> Dataset section
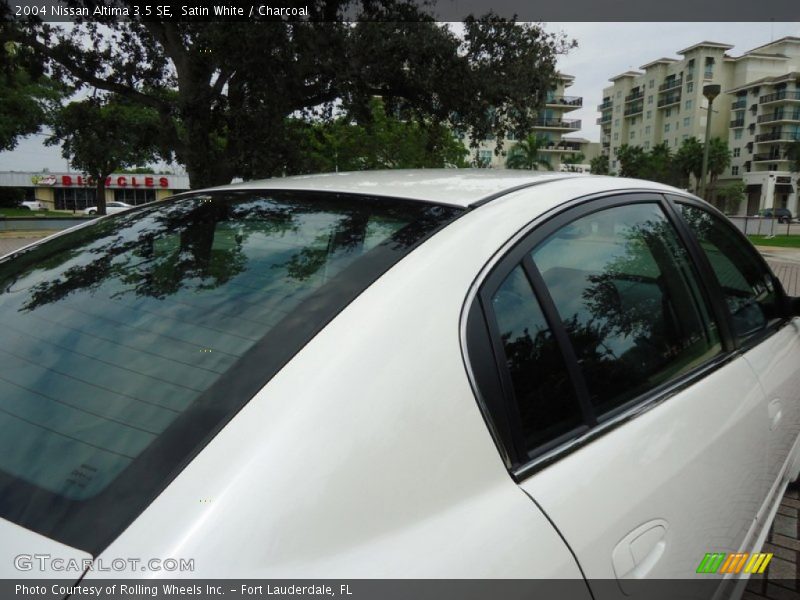 Satin White / Charcoal 2004 Nissan Altima 3.5 SE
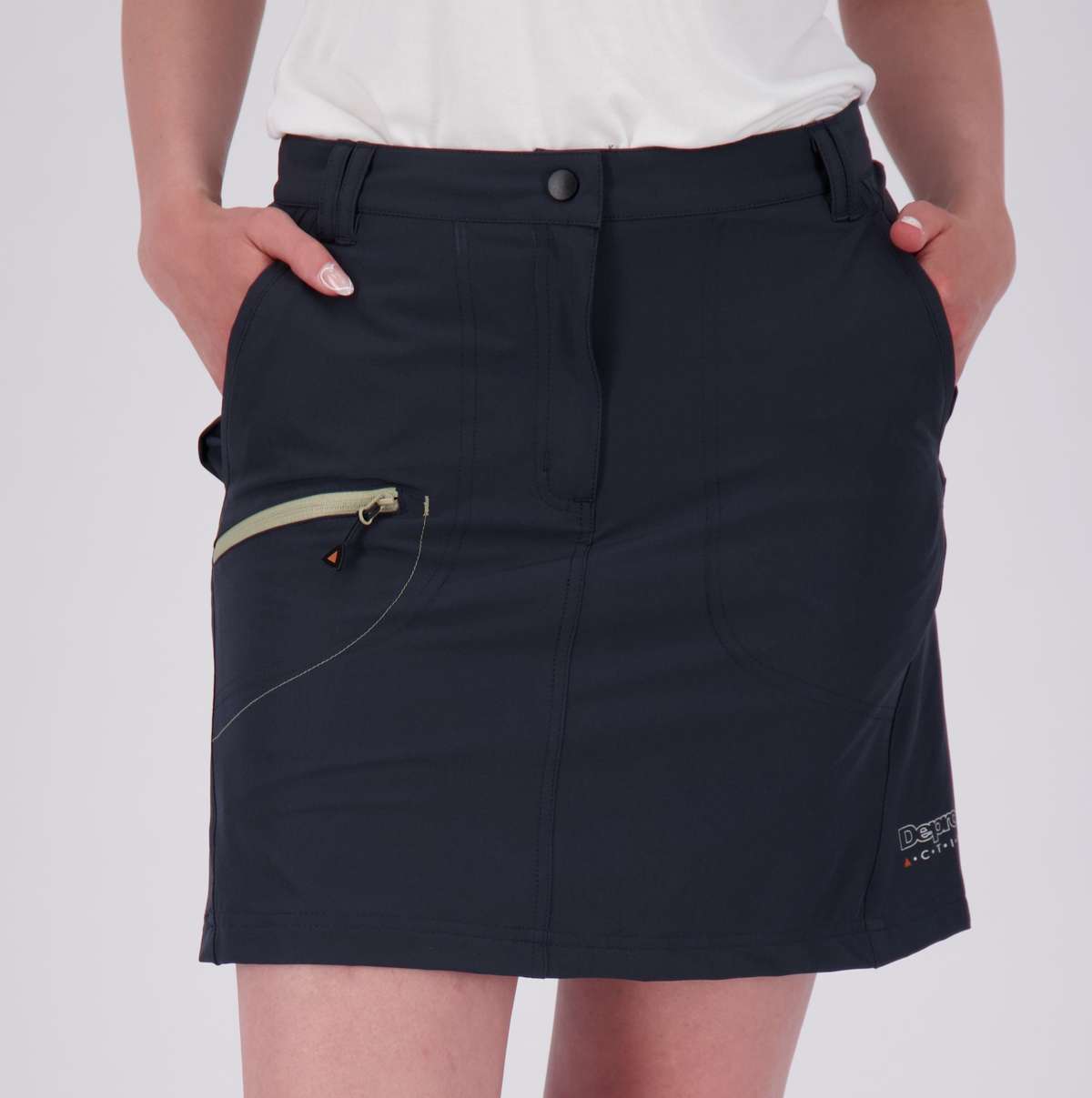 Шорты GRANBY NEW CS SKORT и короткая юбка также доступны в больших размерах.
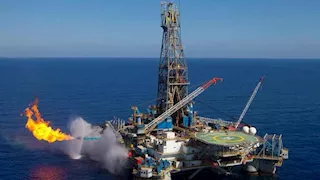 توقيع عقد لتنمية حقل بلطيم شرق بين هيئة البترول وشركتي "إيني" و"بي بي"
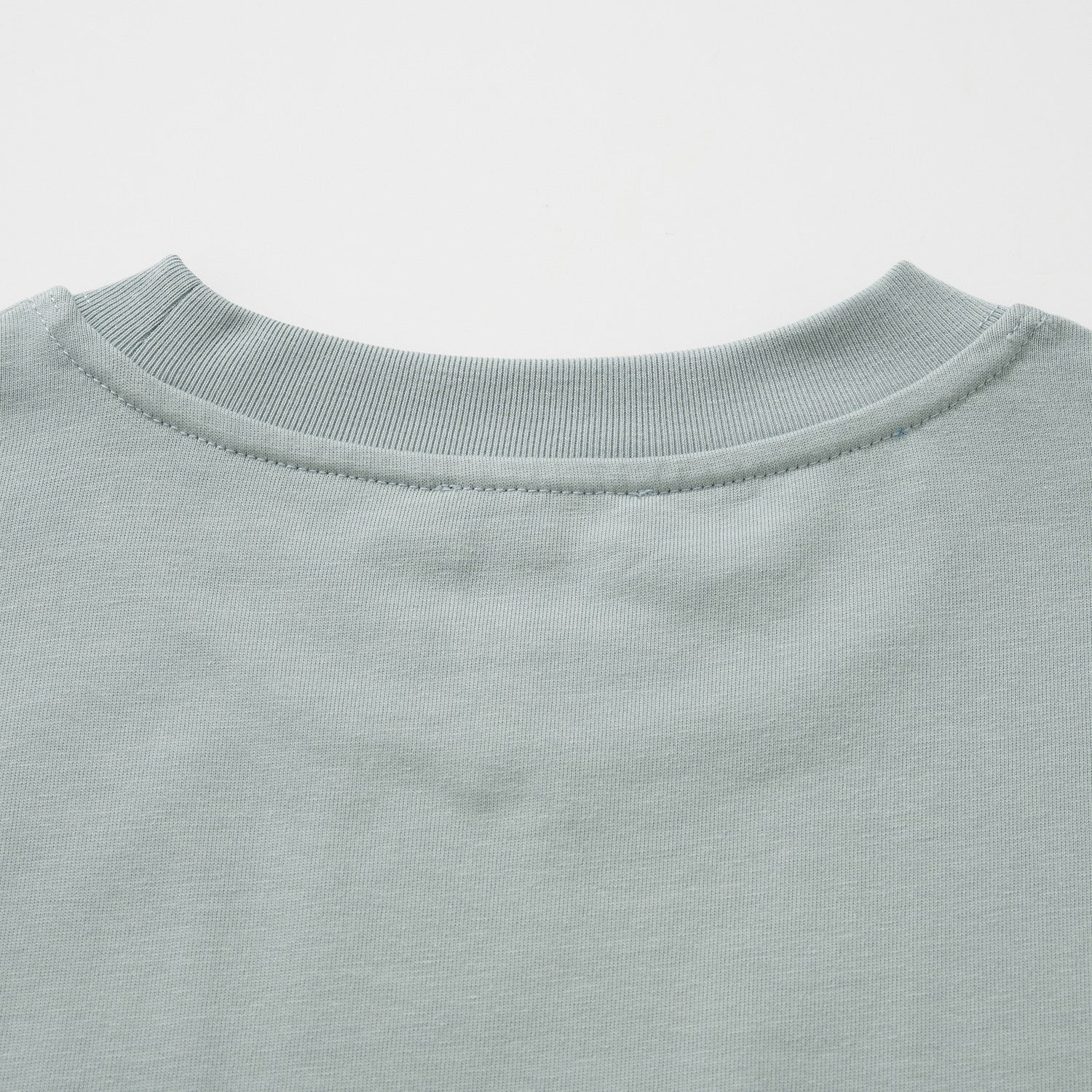 Schwarzes, weißes und blaues T-Shirt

> Problem requirements
Copy every line of the listing above exactly. Leave each picture out.

> Result below
 Satin White / Charcoal 2004 Nissan Altima 3.5 SE
 Шорты GRANBY NEW CS SKORT и короткая юбка также доступны в больших размерах.
 توقيع عقد لتنمية حقل بلطيم شرق بين هيئة البترول وشركتي "إيني" و"بي بي"
 Schwarzes, weißes und blaues T-Shirt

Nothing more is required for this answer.